Each entry is to be retyped exactly as it appears. Leave the images out.

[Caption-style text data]

┄┄┄┄┄┄

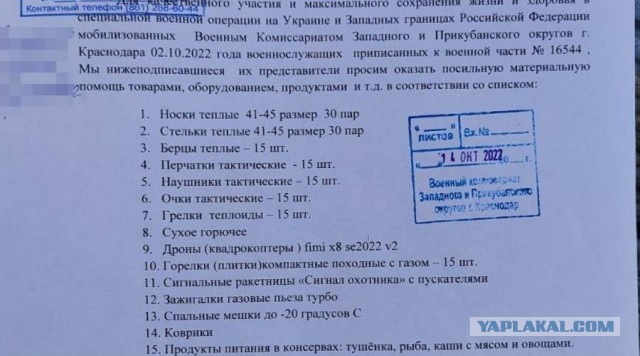Мобилизованные краснодарцы пожаловались на нехватку экипировки и еды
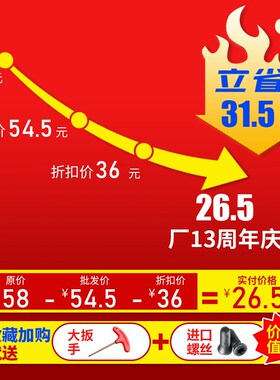 数控铣刀杆 直角台阶铣刀杆 白色加硬 BAP 400R 25 30 32 35 R0.8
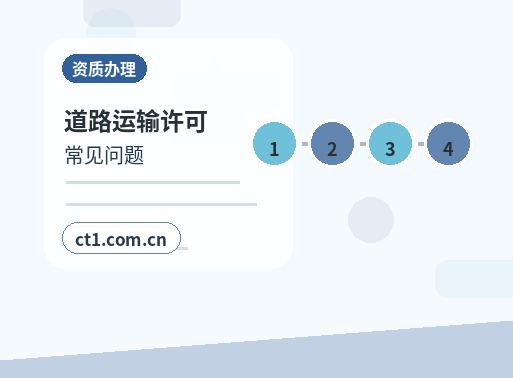吐鲁番公司注销固定资产和库存商品怎么清理配图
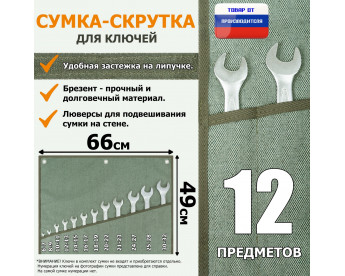 Сумка-скрутка для рожковых (накидных, гаечных, комбинированных) ключей 6-32 мм (12 предметов). Материал: брезент.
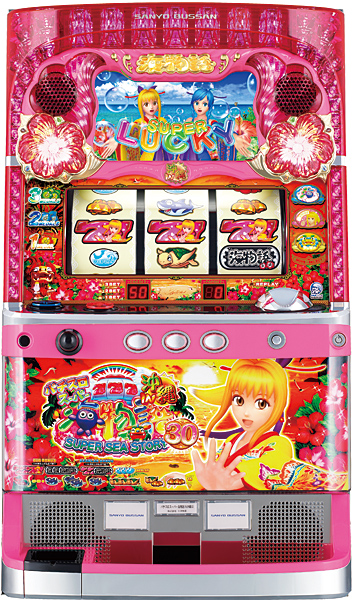 SANYO パチスロスーパー海物語IN沖縄30　中古パチスロ実機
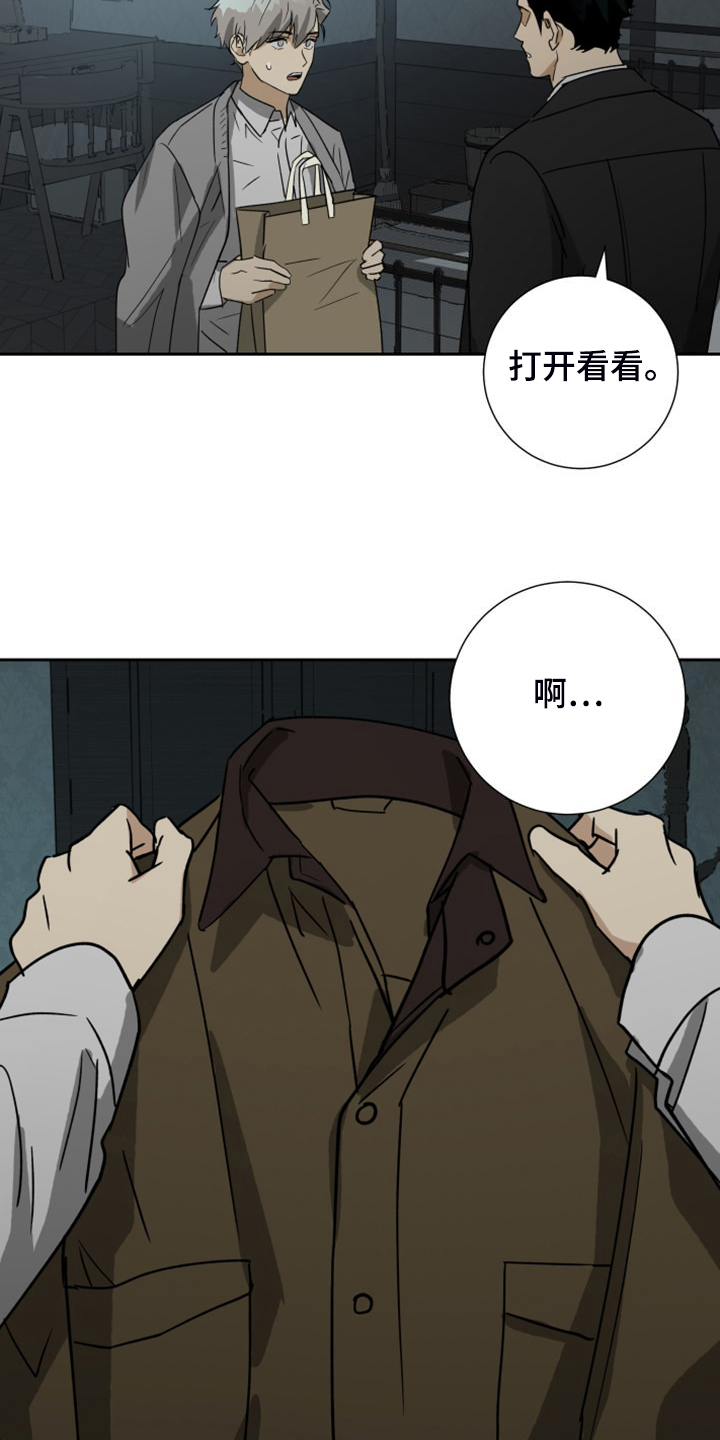 唯我独尊漫画,第92章：【第二季】管家不见了2图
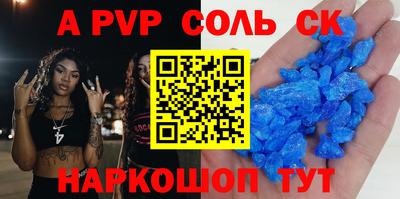 винт Ливны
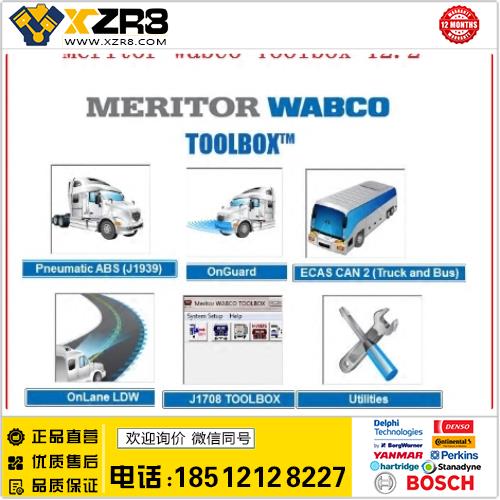 2016 Meritor WABCO TOOLBOX 12.2 English + Patch full缩略图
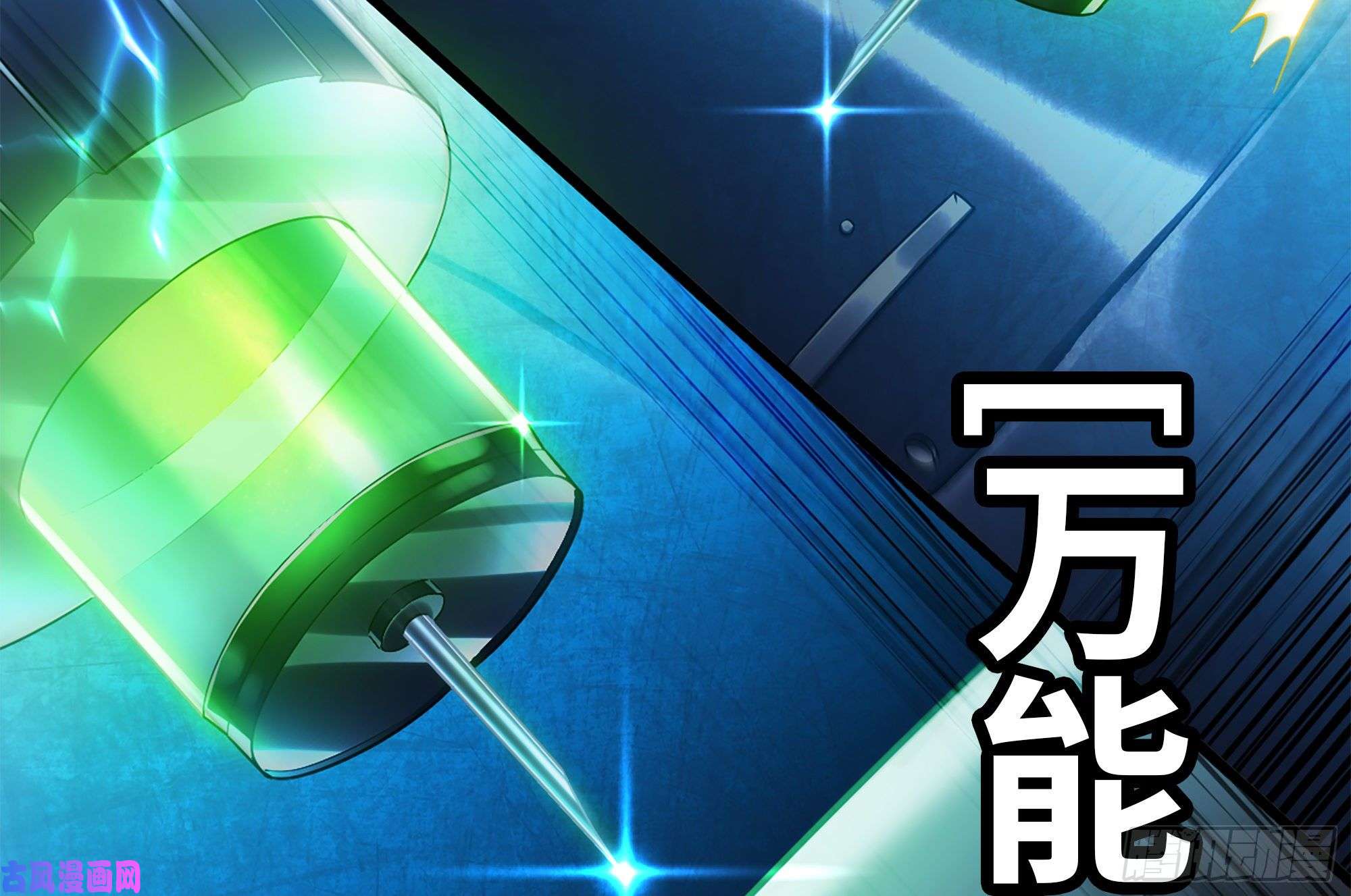 我老婆是魔王大人286- 女王觉醒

┄┄┄┄┄┄

* **The completed task**:
Мобилизованные краснодарцы пожаловались на нехватку экипировки и еды
 数控铣刀杆 直角台阶铣刀杆 白色加硬 BAP 400R 25 30 32 35 R0.8
吐鲁番公司注销固定资产和库存商品怎么清理配图
 Сумка-скрутка для рожковых (накидных, гаечных, комбинированных) ключей 6-32 мм (12 предметов). Материал: брезент.
 SANYO パチスロスーパー海物語IN沖縄30　中古パチスロ実機
 唯我独尊漫画,第92章：【第二季】管家不见了2图
 винт Ливны
 2016 Meritor WABCO TOOLBOX 12.2 English + Patch full缩略图
 我老婆是魔王大人286- 女王觉醒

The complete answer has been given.